### What you have to do
Could you repeat all of the entries word for word, minus any pictures?

### Supplied data
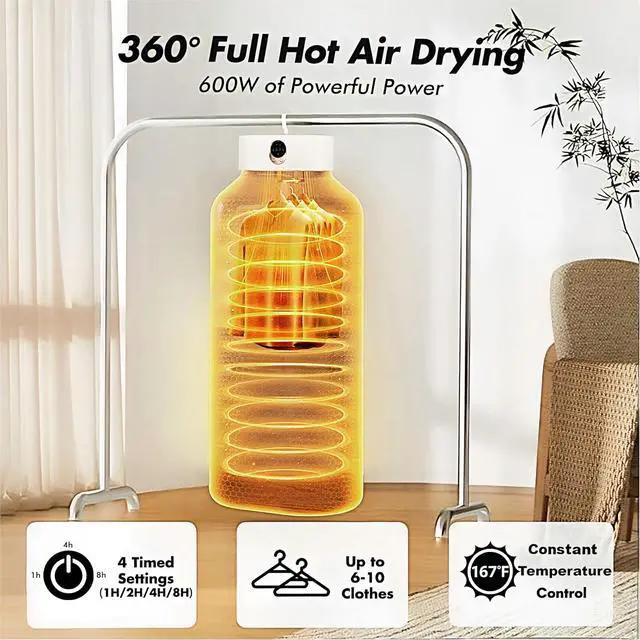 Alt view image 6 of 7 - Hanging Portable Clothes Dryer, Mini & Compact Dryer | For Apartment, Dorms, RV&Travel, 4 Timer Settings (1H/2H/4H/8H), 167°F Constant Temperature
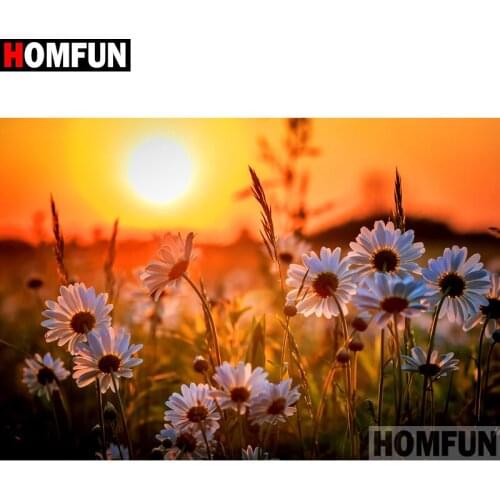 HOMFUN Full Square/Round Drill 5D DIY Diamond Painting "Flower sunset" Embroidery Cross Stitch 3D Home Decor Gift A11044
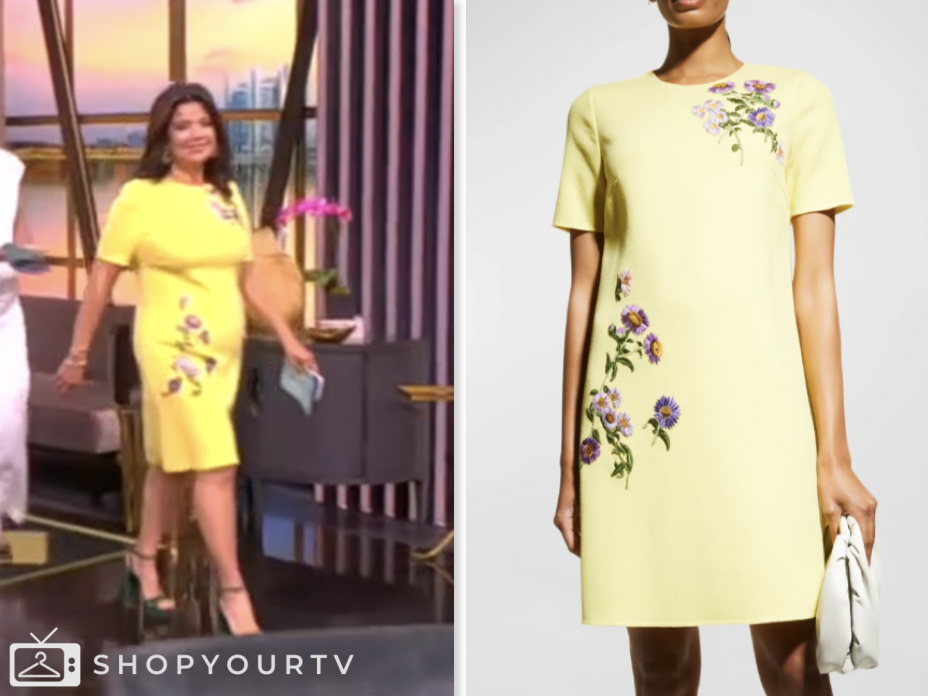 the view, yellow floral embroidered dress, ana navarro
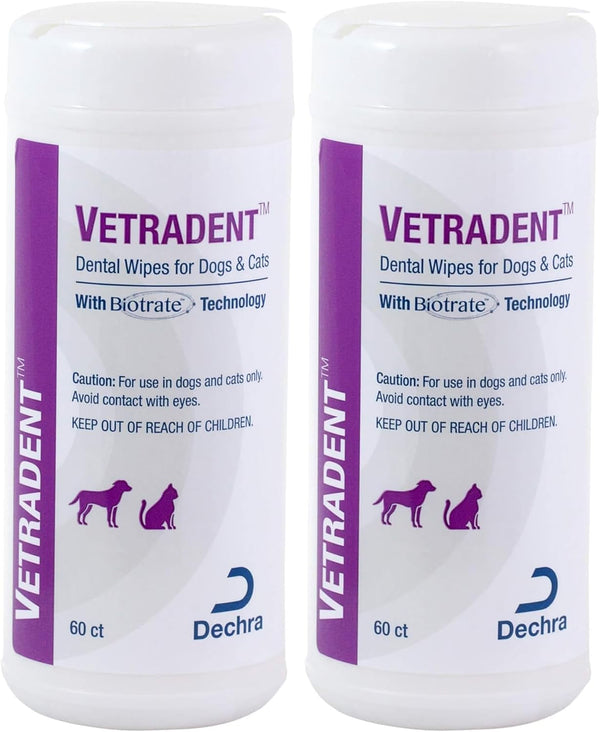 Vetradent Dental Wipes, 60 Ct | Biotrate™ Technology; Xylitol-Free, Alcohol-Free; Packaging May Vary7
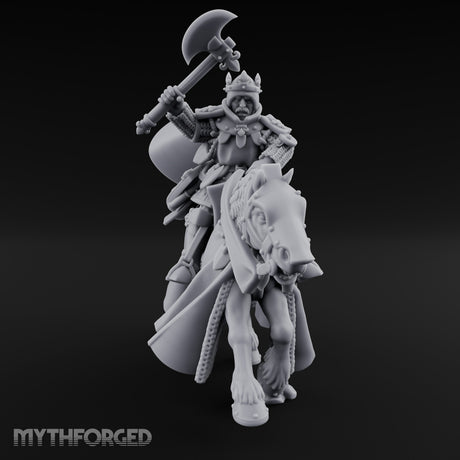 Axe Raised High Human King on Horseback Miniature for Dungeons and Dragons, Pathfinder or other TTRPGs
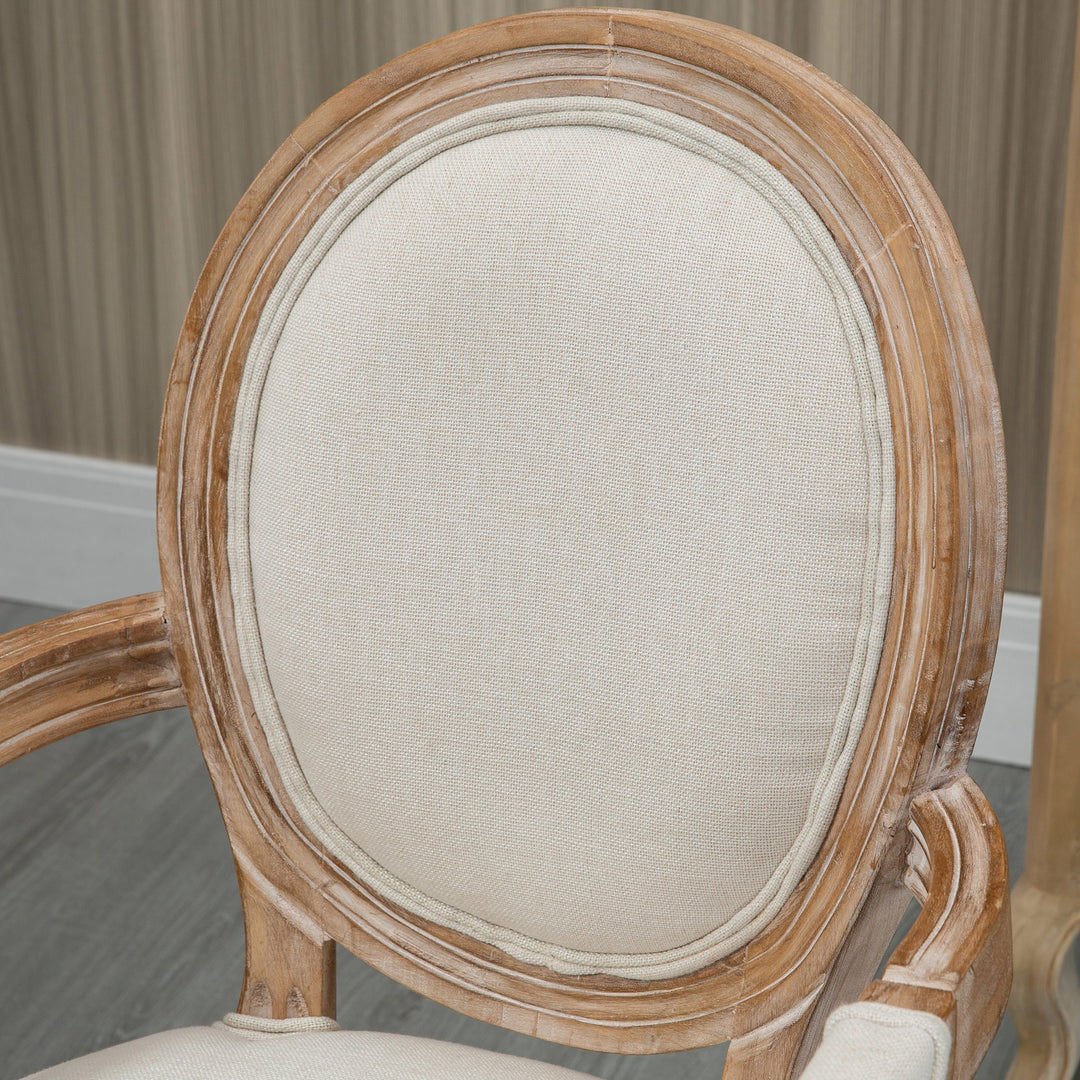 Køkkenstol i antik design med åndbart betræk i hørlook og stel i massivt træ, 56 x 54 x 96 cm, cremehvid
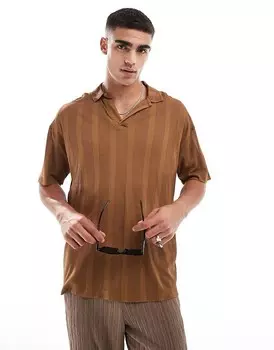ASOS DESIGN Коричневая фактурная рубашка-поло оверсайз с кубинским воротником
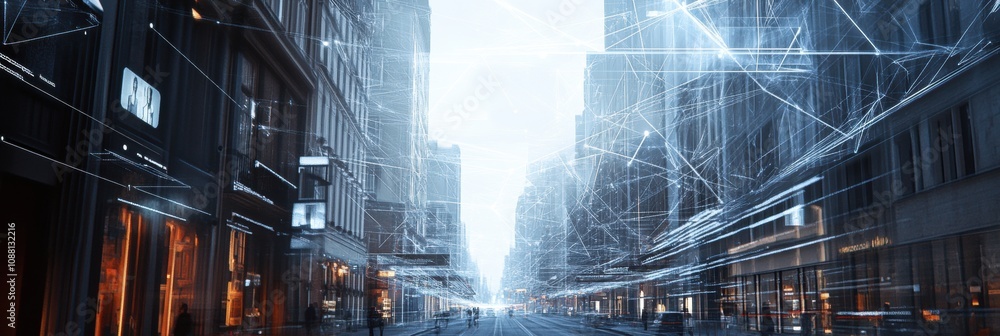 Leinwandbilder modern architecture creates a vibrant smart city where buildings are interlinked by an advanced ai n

### Exercise output
 Alt view image 6 of 7 - Hanging Portable Clothes Dryer, Mini & Compact Dryer | For Apartment, Dorms, RV&Travel, 4 Timer Settings (1H/2H/4H/8H), 167°F Constant Temperature
 HOMFUN Full Square/Round Drill 5D DIY Diamond Painting "Flower sunset" Embroidery Cross Stitch 3D Home Decor Gift A11044
 the view, yellow floral embroidered dress, ana navarro
 Vetradent Dental Wipes, 60 Ct | Biotrate™ Technology; Xylitol-Free, Alcohol-Free; Packaging May Vary7
 Axe Raised High Human King on Horseback Miniature for Dungeons and Dragons, Pathfinder or other TTRPGs
 Køkkenstol i antik design med åndbart betræk i hørlook og stel i massivt træ, 56 x 54 x 96 cm, cremehvid
ASOS DESIGN Коричневая фактурная рубашка-поло оверсайз с кубинским воротником
 Leinwandbilder modern architecture creates a vibrant smart city where buildings are interlinked by an advanced ai n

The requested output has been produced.